Precisamente, la guerra no escapa a la filosofía, porque esta, en cierto modo, la alentó. Hace muchos siglos, un filósofo griego, Heráclito, señaló que la Guerra (así, en mayúscula) es “padre, rey y señor de todos” y que las cosas tienen su generación a partir de la lucha de opuestos. Mi tesis es polémica. Heráclito no fue, ciertamente, un guerrerista, al menos en el sentido de hoy, pero nos legó una primigenia filosofía de la guerra: esta viene a ser el supremo principio y el renovador del mundo; por lo tanto, estamos obligados, ¿a qué?, a luchar, a imperar, a someter. La guerra como Idea ordena a sus súbditos a destruir para construir.
La guerra como un señor Ares quizá no convenza a algunos. Pero estos deben preguntarse por qué la paz fracasa cada siglo en el devenir de la humanidad. Exploremos el concepto de guerra ahora de un modo más concreto. Veamos cómo lo toma el general J. F. C. Fuller, un apasionado de la historia bélica. Según este también brillante escritor, la guerra no es un Ideal, sino un asunto real y, sobre todo, importantísimo, ya que la existencia misma de la sociedad depende de ella. La guerra, así, es capital para nosotros, o, como suelen decirlo, nuestra historia se rige por “batallas decisivas”.

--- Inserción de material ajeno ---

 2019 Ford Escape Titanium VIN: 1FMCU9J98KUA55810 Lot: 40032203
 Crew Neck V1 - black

Las “batallas decisivas” son conflictos entre dos o más Estados que influyen política, económica y socialmente tanto en los propios participantes, como en un continente entero o, inclusive, en el orbe mismo. Maratón, Lepanto, Waterloo, Stalingrado, son ejemplos oportunos. Pero, yendo a fondo, la idea de las batallas decisivas ofrece el mensaje siguiente: la guerra (y la victoria en ella) determina el desarrollo y el progreso de una nación. Es el gran salto hacia adelante. La historia de una comunidad, pues, debe supeditarse al efecto de una batalla ganada. Por lo tanto, si se quiere recoger los frutos, un Estado debe estar preparado con mucha anticipación.
Las doctrinas de Heráclito y de Fuller revelan el atractivo de la guerra. Pero ¿atractiva para quiénes? Para los conductores de ella, para los grandes generales, para los belicistas. No obstante, la sociedad no necesariamente tiene que aceptar esta visión. ¿Cómo se tiene que hacer, entonces, para que un pueblo también vea la guerra como la mejor opción? ¿Cómo se puede armar a masas enteras, sin que se sientan obligadas? Este problema fue resuelto por uno de los teóricos clásicos de la guerra: Carl von Clausewitz.

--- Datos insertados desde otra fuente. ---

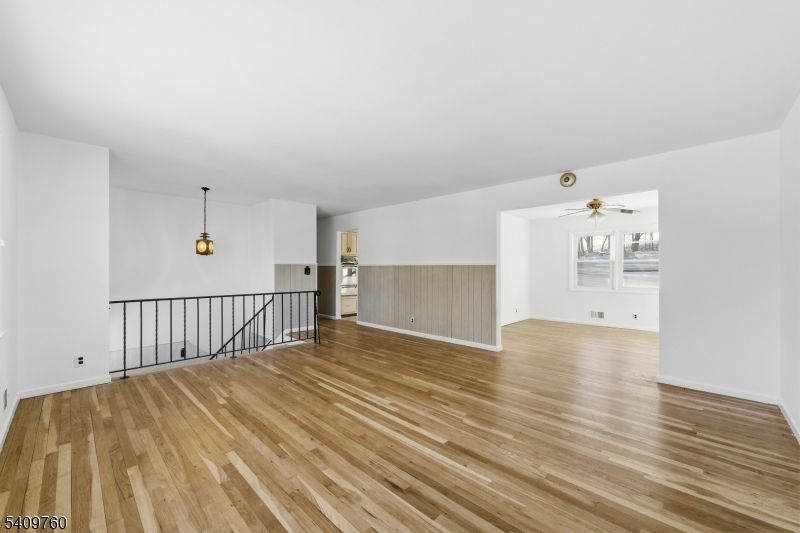 Empty room, Interior, Pendant Lights, Wood Texture Flooring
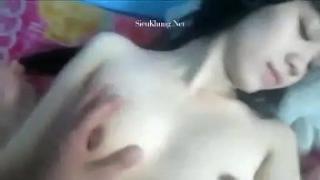 หนังโป๊เด็กสาววัย18นักศึกษาสาวเก่งเรื่องเย็ด นัดเย็ดในรีสอร์ทxxx ขึ้นเอาควยอันbigแหย่หี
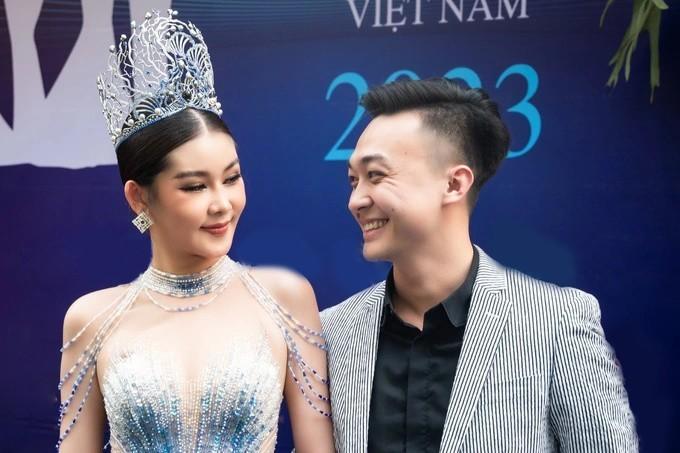 Lê Âu Ngân Anh được chồng cúi người chỉnh váy giúp giữa nghi vấn mang thai-8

Clausewitz había presenciado las Guerras Napoleónicas y se preguntó cómo es que los franceses ganaban, imparablemente, sus batallas. La respuesta la halló en que ellos habían ideologizado la guerra. Los soldados pelean por órdenes, cierto, pero pelean mucho mejor si tienen una ideología o una fe. La Francia revolucionaria había promovido exitosamente en su pueblo el combatir por ideales; cada ciudadano sintió dentro de sí el deber de defender, con las armas, la república o el imperio. El concepto de la guerra se fusionó, luego, con el imaginario social.

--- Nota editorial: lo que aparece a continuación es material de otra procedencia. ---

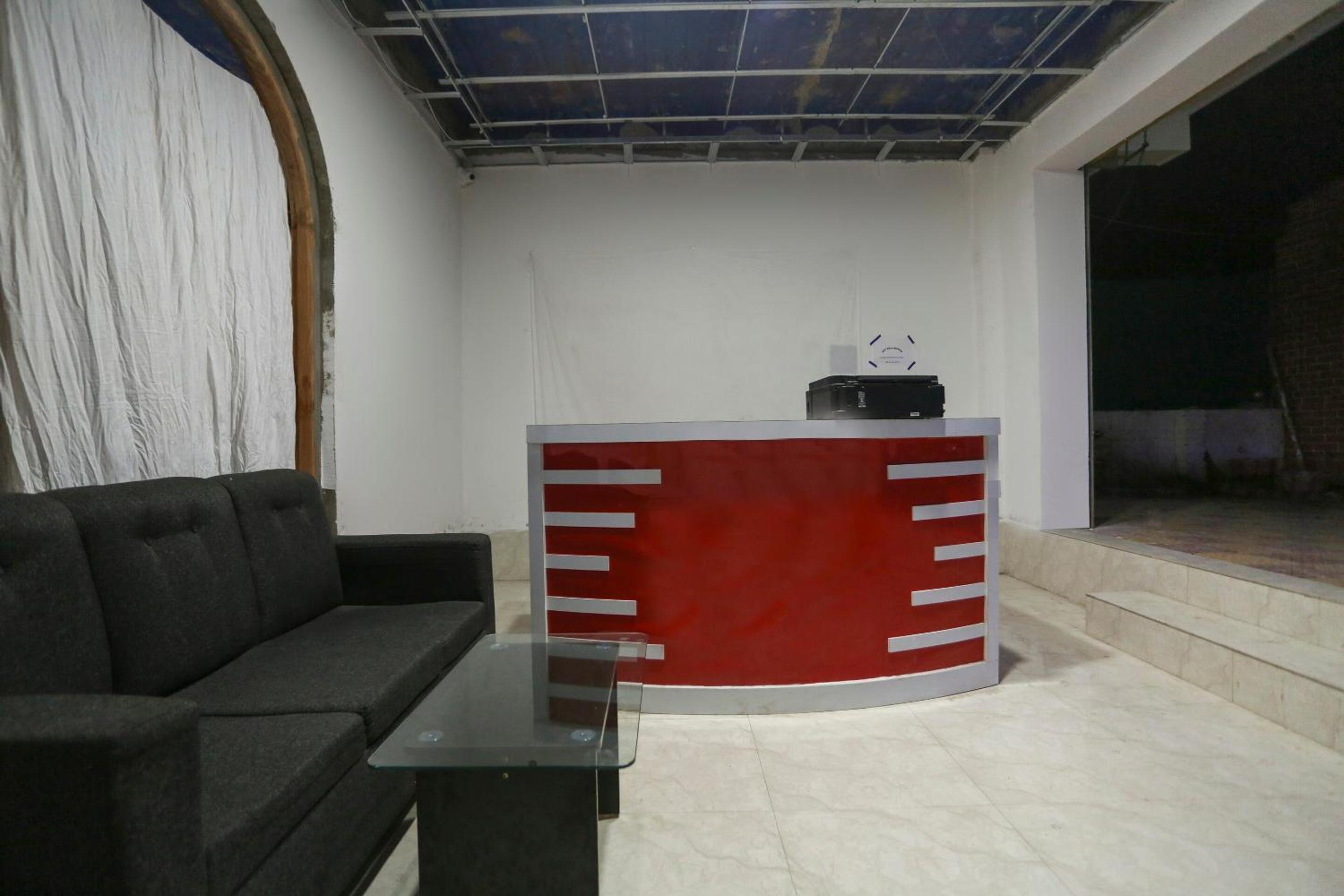 Lobby & Reception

Clausewitz resumió ello, como sabemos, con su célebre frase de que la guerra es la continuación de la política. Las masas deben estar comprometidas (políticamente) con la causa de la guerra. Hablar de esta, por eso, es hablar de guerras patrias y de guerras totales, por lo que la consecuencia principal fue la militarización completa de los Estados. Finalmente, ha calado tan hondo este paradigma en la vida moderna que ya parece imposible retroceder a un anterior estado de cosas.
He aquí, pues, el trasfondo filosófico de la guerra, basado en tres postulados: la guerra como soberana; la guerra como desarrollo; y la guerra como legítima política. Fijados estos, recién sería posible criticarlos. Al fin y al cabo, la guerra no debe definirse por sí misma (en verdad, nunca puede hacerlo), sino por la propia filosofía. Y la filosofía puede significar muchas cosas, pero, ante todo, es autocrítica.